▶ _EXERCISE_: Below this line are records; write out exactly the lines from the one containing "Угольный топ Shannon" through the one containing "Umaga WWE Mattel", with the pictures left out.

▶ _TASK INPUT_:
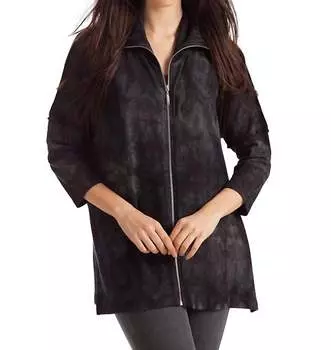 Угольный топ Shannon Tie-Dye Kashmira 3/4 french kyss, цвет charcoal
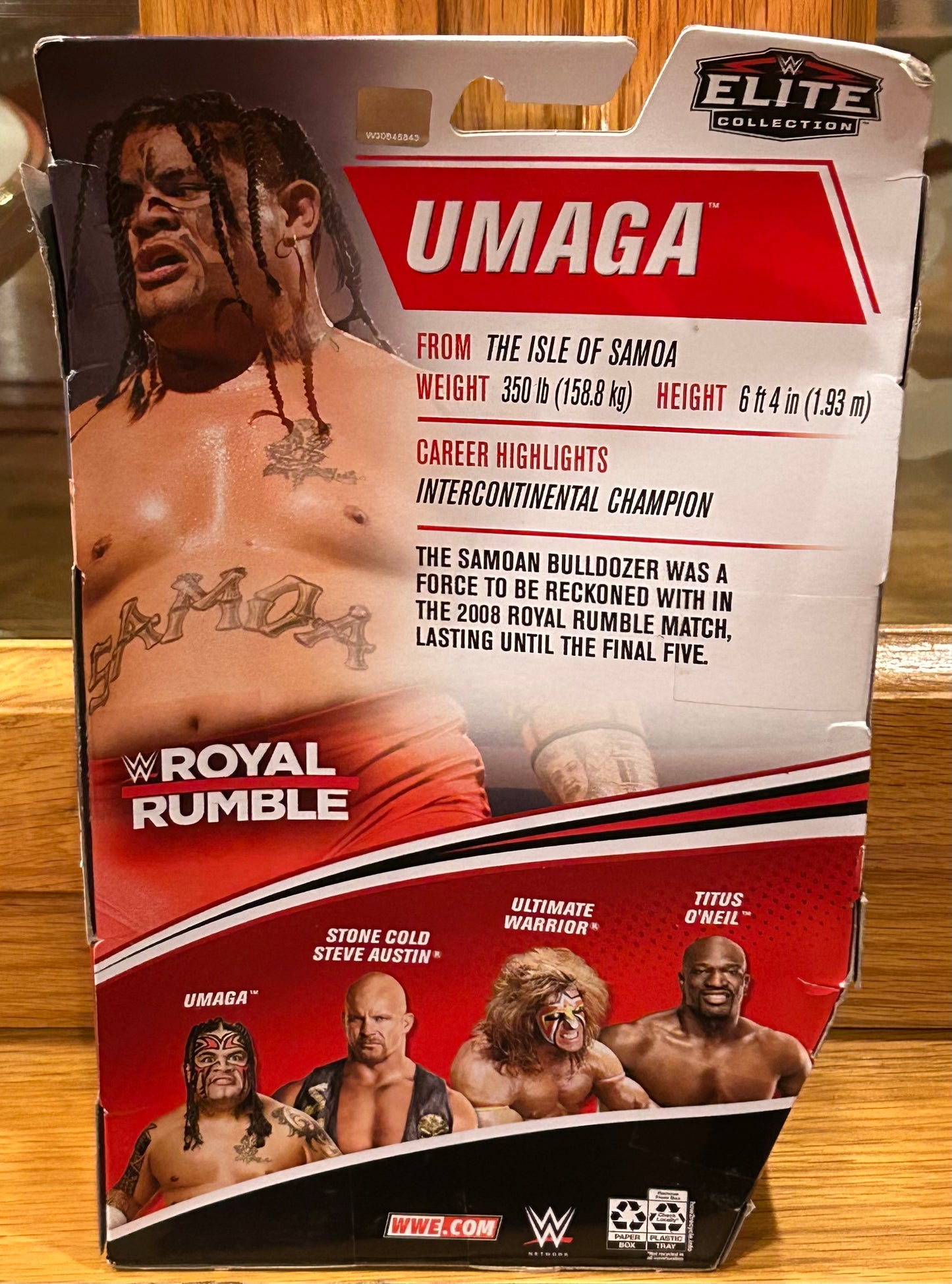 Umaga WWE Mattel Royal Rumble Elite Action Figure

--

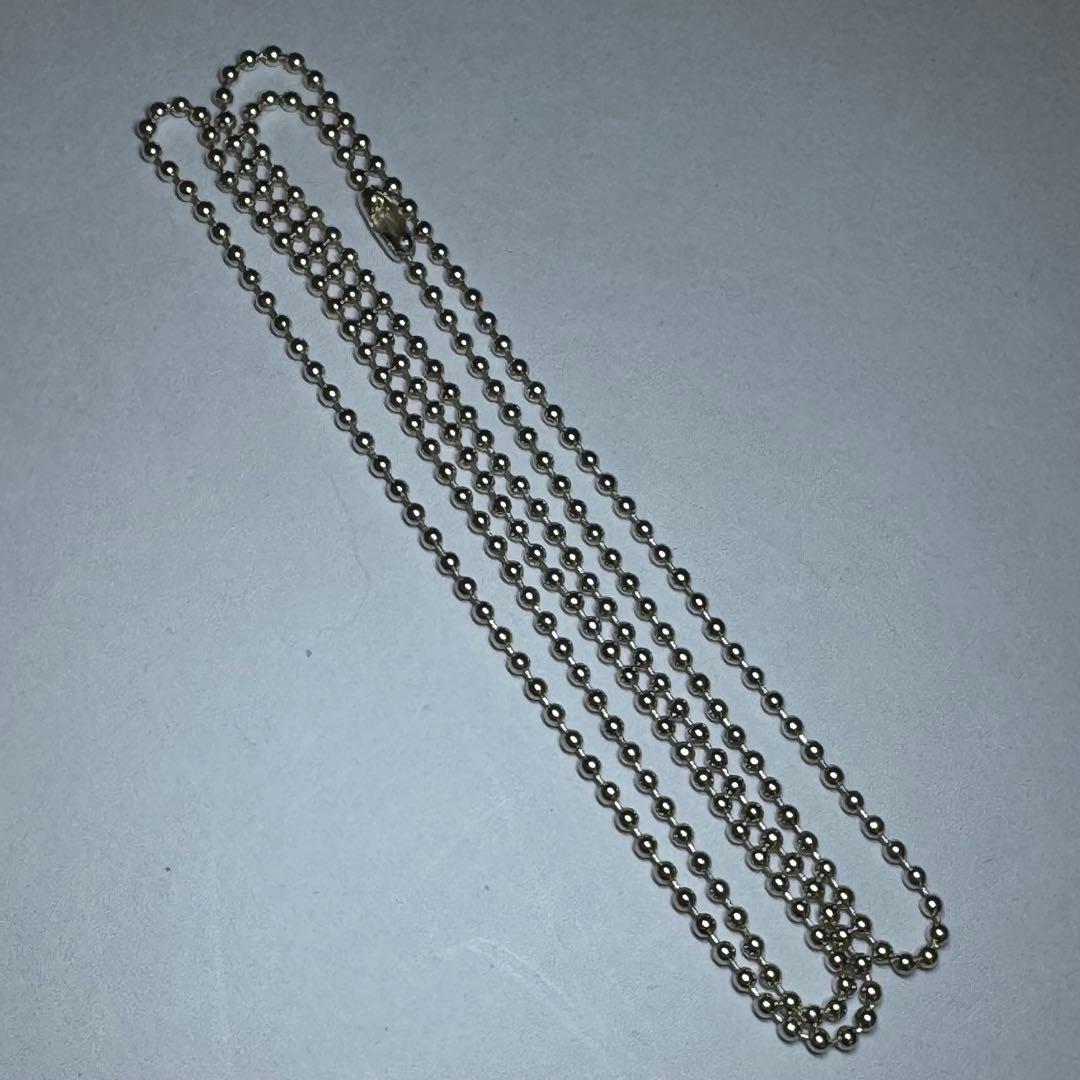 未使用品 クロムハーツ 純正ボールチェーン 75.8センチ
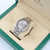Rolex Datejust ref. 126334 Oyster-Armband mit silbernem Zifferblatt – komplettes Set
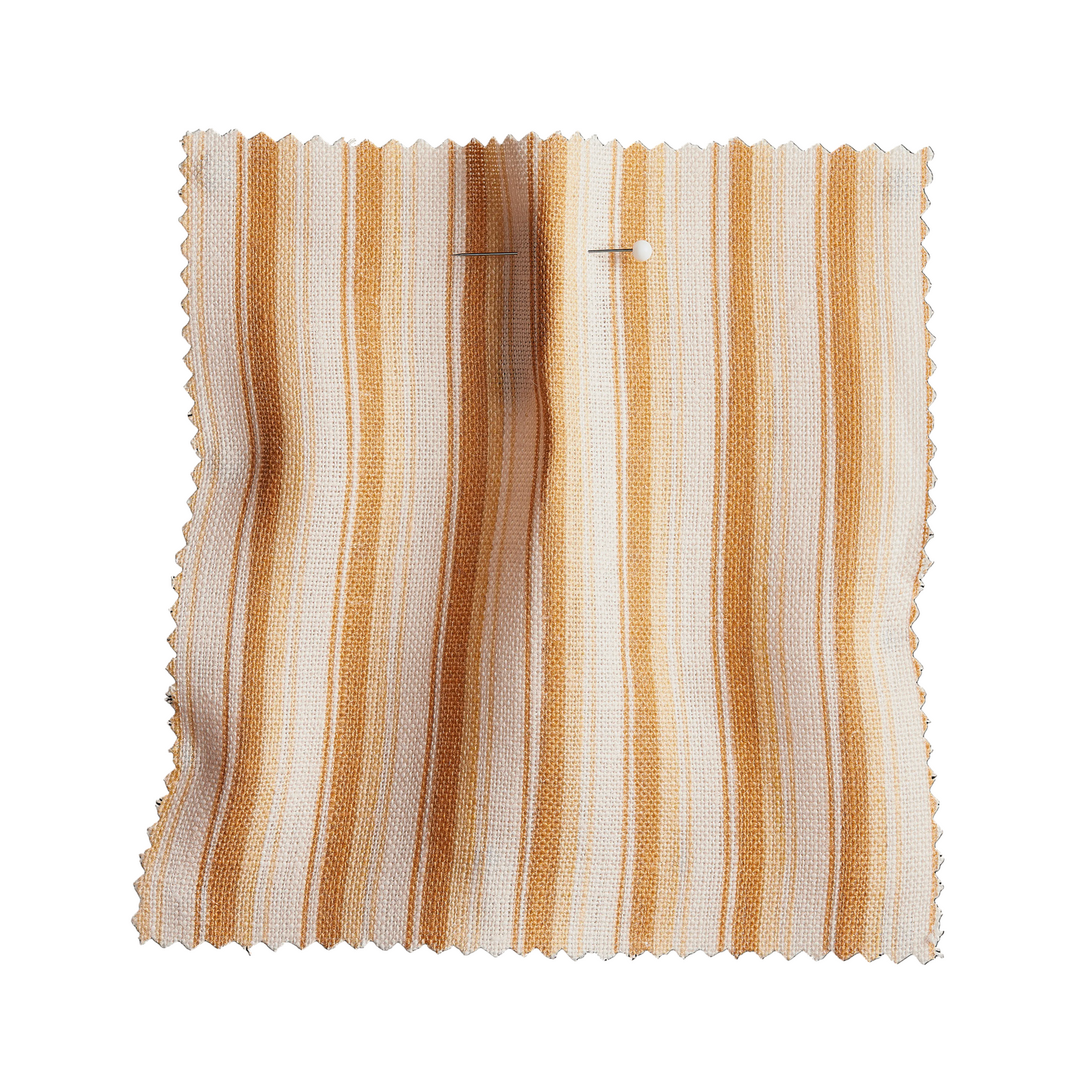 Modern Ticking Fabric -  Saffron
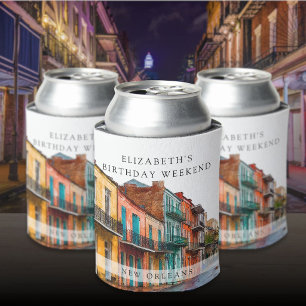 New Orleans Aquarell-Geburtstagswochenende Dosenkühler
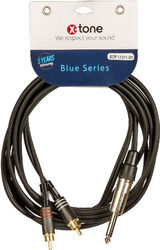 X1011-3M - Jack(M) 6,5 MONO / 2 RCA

▶ _ANSWER TO THE PROBLEM_:
 Угольный топ Shannon Tie-Dye Kashmira 3/4 french kyss, цвет charcoal
 Umaga WWE Mattel Royal Rumble Elite Action Figure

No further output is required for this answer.